Aim of the exercise:
Print the lines in the listing below starting at the line with "Renovated Single Storey" and ending at the line with "Kirill Gerassimenko (KAZ)", both included. Reproduce them exactly and omit every picture.

Material to process:
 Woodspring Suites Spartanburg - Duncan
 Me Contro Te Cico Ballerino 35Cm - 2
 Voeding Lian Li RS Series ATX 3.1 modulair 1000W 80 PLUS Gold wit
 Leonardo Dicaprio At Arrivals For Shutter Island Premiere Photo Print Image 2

* * *

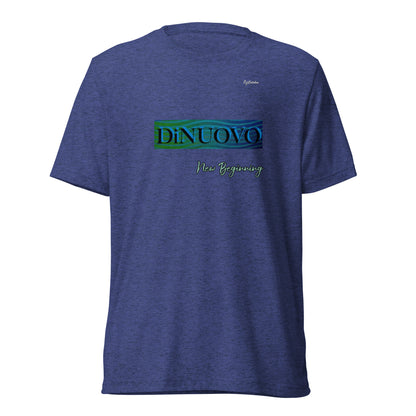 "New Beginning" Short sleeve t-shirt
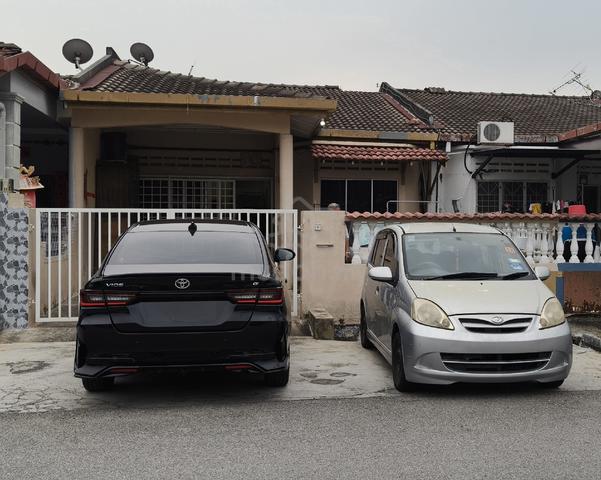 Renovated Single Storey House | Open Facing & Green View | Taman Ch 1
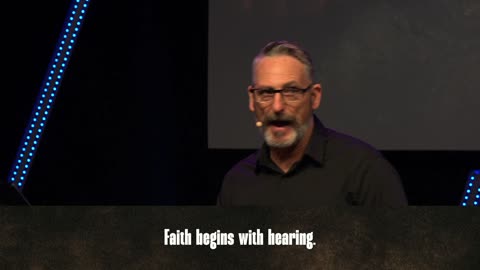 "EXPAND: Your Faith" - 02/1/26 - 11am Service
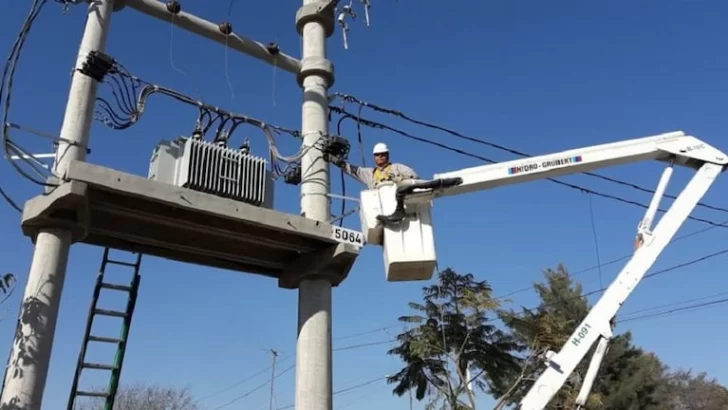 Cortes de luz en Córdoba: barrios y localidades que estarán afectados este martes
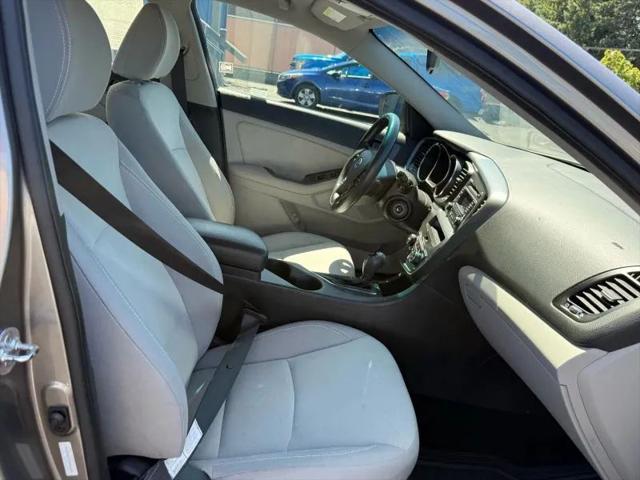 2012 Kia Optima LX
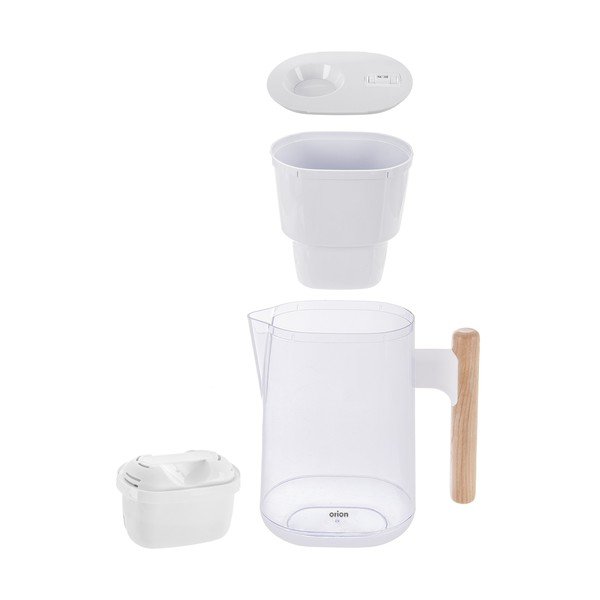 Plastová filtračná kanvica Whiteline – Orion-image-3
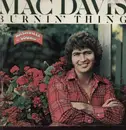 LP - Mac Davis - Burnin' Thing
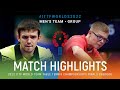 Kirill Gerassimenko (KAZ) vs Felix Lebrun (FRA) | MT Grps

--

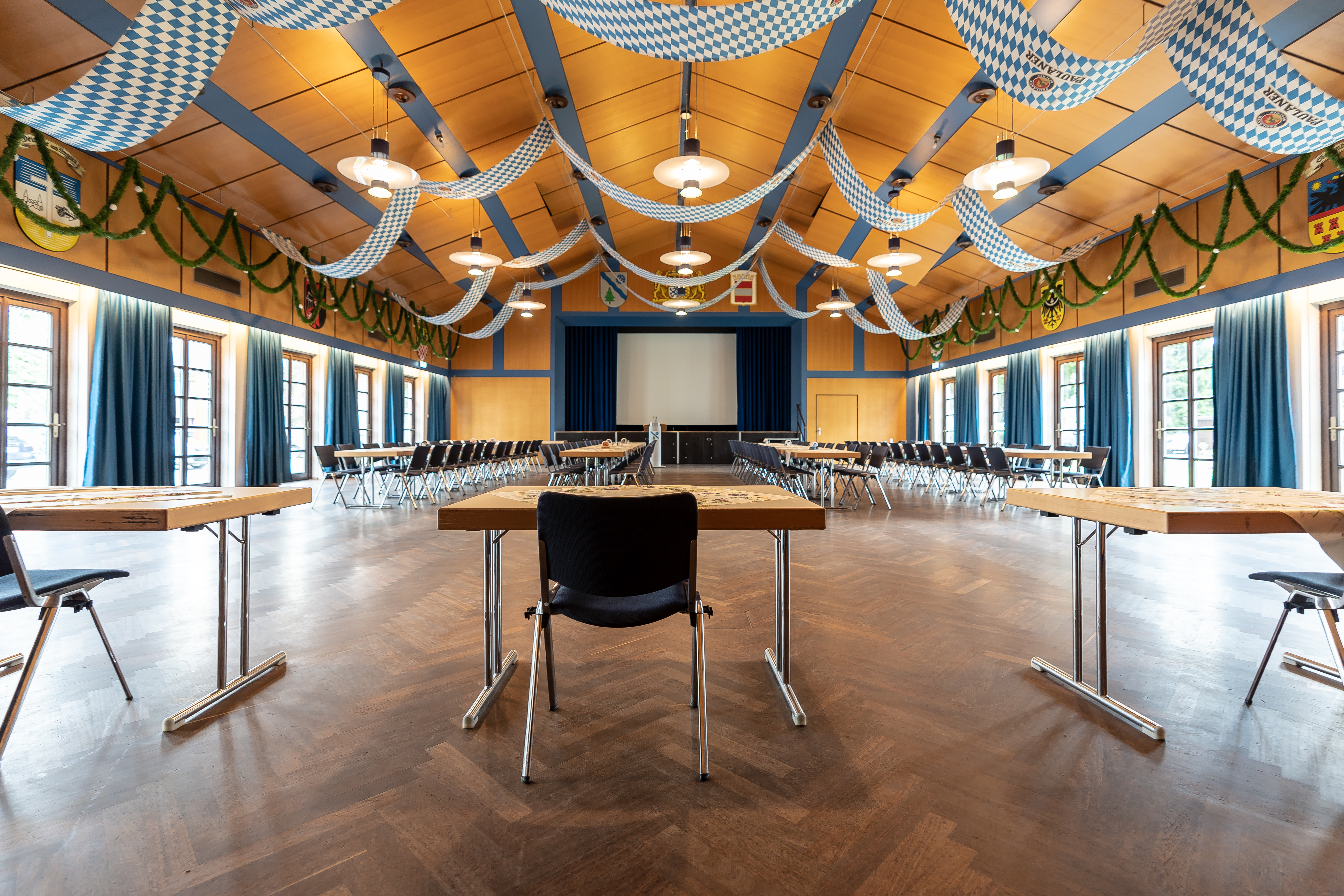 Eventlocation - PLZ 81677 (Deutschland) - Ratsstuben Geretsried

Answer section:
 Renovated Single Storey House | Open Facing & Green View | Taman Ch 1
 "EXPAND: Your Faith" - 02/1/26 - 11am Service
 Cortes de luz en Córdoba: barrios y localidades que estarán afectados este martes
 2012 Kia Optima LX
 Plastová filtračná kanvica Whiteline – Orion-image-3
 LP - Mac Davis - Burnin' Thing
 Kirill Gerassimenko (KAZ) vs Felix Lebrun (FRA) | MT Grps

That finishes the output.